An Encyclopaedia on Chinese History and Literature

Wujing dayi 五經大義

Sep 13, 2013 © Ulrich Theobald

Wujing dayi 五經大義 "The great meaning of the Five Classics" was a commentary on the Five Confucian Classics (Wujing 五經) written during the Eastern Jin period 東晉 (317-420) by Dai Kui 戴逵 (c. 325-396), courtesy name Andao 安道. He hailed from the commandery of Qiaojun 譙郡 (modern Suxian 宿縣, Anhui) and was a famous painter, sculptor, zither player and thinker.

Dai stood under the influence of the great Eastern Han-period 東漢 (25-220 CE) philosopher Zheng Xuan 鄭玄 (127-200), whom he already venerated when he was a child.

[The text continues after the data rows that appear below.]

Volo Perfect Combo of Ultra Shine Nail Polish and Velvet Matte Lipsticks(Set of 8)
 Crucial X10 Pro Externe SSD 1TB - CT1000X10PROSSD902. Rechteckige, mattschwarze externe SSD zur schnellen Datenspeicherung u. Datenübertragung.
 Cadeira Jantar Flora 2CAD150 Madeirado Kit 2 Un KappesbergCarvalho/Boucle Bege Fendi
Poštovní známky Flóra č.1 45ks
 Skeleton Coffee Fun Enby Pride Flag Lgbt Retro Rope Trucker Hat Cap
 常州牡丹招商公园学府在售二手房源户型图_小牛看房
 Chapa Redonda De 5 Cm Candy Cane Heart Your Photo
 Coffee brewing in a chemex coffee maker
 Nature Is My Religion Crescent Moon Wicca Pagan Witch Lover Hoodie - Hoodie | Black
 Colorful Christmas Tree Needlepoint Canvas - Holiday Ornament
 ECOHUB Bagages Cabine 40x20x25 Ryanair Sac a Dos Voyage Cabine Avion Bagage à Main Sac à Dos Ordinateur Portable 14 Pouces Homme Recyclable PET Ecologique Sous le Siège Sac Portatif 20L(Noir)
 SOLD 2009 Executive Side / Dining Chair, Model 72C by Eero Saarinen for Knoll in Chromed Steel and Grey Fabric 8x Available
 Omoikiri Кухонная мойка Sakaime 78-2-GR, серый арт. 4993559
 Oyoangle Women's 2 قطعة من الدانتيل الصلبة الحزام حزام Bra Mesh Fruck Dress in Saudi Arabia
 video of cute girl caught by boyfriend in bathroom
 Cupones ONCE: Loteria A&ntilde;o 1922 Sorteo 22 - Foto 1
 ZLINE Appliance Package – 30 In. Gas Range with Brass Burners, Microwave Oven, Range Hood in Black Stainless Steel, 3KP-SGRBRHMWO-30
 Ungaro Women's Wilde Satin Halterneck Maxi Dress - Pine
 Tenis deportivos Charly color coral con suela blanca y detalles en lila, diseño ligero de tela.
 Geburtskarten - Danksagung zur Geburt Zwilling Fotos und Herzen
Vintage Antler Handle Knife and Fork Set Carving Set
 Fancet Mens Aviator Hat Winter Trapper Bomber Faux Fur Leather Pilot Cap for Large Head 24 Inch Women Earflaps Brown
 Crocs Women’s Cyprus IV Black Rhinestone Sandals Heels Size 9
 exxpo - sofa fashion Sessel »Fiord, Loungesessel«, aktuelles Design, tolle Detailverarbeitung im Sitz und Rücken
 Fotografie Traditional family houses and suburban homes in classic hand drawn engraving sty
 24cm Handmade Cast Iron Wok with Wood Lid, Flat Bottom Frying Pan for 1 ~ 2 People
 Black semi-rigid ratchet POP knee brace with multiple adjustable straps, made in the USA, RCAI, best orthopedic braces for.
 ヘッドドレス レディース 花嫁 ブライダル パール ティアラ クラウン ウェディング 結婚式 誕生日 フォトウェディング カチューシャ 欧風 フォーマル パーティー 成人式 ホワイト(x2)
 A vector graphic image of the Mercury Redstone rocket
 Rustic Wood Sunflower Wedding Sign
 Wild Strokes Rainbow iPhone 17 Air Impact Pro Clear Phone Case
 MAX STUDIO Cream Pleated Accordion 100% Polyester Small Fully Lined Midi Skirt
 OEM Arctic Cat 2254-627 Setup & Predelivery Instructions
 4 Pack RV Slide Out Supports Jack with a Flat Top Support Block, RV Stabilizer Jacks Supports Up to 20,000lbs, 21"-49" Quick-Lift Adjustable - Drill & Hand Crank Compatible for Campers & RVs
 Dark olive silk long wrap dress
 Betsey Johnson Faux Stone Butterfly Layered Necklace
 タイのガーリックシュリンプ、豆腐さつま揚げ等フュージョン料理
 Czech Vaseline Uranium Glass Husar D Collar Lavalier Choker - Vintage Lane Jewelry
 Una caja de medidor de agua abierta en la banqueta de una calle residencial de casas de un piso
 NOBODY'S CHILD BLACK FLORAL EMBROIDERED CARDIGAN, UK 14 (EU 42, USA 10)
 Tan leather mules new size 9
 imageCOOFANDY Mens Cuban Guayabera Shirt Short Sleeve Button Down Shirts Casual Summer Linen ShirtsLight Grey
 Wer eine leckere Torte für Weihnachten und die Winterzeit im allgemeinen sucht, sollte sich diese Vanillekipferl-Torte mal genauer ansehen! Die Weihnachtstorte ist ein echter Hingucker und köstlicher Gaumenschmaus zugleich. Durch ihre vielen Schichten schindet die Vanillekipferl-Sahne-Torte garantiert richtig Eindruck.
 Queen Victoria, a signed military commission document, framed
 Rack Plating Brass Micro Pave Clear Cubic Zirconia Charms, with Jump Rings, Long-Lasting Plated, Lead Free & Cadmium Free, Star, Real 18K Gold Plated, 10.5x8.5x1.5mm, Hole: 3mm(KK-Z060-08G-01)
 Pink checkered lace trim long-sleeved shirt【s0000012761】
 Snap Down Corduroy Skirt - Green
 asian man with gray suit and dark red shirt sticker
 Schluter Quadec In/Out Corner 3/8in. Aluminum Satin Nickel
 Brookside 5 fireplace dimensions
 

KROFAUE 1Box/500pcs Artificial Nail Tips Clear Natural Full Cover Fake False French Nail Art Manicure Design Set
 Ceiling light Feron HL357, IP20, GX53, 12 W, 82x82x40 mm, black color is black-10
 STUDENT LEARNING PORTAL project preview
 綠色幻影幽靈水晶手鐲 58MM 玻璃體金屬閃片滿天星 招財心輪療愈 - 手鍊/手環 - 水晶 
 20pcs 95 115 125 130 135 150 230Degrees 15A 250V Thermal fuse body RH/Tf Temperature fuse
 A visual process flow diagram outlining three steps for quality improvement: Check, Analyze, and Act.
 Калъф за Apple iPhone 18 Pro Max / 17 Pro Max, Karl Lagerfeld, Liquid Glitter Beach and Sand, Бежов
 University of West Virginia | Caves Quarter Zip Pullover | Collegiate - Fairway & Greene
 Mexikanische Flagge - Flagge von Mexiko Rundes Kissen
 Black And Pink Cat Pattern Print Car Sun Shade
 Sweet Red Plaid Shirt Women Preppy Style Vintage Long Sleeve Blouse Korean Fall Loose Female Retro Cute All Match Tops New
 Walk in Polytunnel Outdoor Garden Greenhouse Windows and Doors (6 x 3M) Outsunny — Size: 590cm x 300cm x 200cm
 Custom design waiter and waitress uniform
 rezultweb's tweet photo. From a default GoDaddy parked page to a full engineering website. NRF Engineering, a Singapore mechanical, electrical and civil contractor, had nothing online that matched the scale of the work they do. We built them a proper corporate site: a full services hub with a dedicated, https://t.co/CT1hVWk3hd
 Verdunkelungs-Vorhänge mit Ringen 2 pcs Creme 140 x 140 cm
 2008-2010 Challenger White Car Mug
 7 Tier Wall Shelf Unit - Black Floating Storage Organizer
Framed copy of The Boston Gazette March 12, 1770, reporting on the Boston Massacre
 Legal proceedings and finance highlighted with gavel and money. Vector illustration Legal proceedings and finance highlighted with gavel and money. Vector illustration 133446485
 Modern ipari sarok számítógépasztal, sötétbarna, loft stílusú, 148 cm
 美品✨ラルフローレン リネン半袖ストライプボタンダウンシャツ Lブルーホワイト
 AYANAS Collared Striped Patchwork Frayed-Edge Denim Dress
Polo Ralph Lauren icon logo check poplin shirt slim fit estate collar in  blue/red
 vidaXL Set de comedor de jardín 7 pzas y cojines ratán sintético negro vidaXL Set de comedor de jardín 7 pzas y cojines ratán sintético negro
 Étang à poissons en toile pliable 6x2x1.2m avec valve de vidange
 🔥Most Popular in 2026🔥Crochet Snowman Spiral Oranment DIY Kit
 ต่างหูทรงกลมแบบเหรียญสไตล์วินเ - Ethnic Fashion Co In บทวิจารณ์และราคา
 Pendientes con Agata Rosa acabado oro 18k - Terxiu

As a young man he became a disciple of Fan Xuan 范宣, who dispised the luxurious life of the upper class. When Sima Xi 司馬晞 (316-381), Prince of Wuling 武陵王 and Counsellor-in-chief, heard of his expertise in zither playing, he invited Dai Kui to the court, but the honest young man angrily shattered his music instrument and explained that he was not willing to become an underling (lingren 伶人, musician) of a prince.

In his book Lun 論 "Discourses" Dai Kui explained that the most important matter was to seek for the truth, and to venerate the Way of the ancient masters, instead of admiring outwardness.

His commentary on the Classics was 3-juan long, but the book went lost during the Tang period 唐 (618-907). Only a small amount of fragments was recovered by the Qing-period 清 (1644-1911) scholar Ma Guohan 馬國翰 (1794-1857). They are to be found in his series Yuhanshanfang jiyi shu 玉函山房輯佚書.

Li Xueqin 李學勤, Lü Wenyu 呂文鬰, ed. (1996). Siku da cidian 四庫大辭典 (Changchun: Jilin daxue chubanshe), Vol. 1, 474.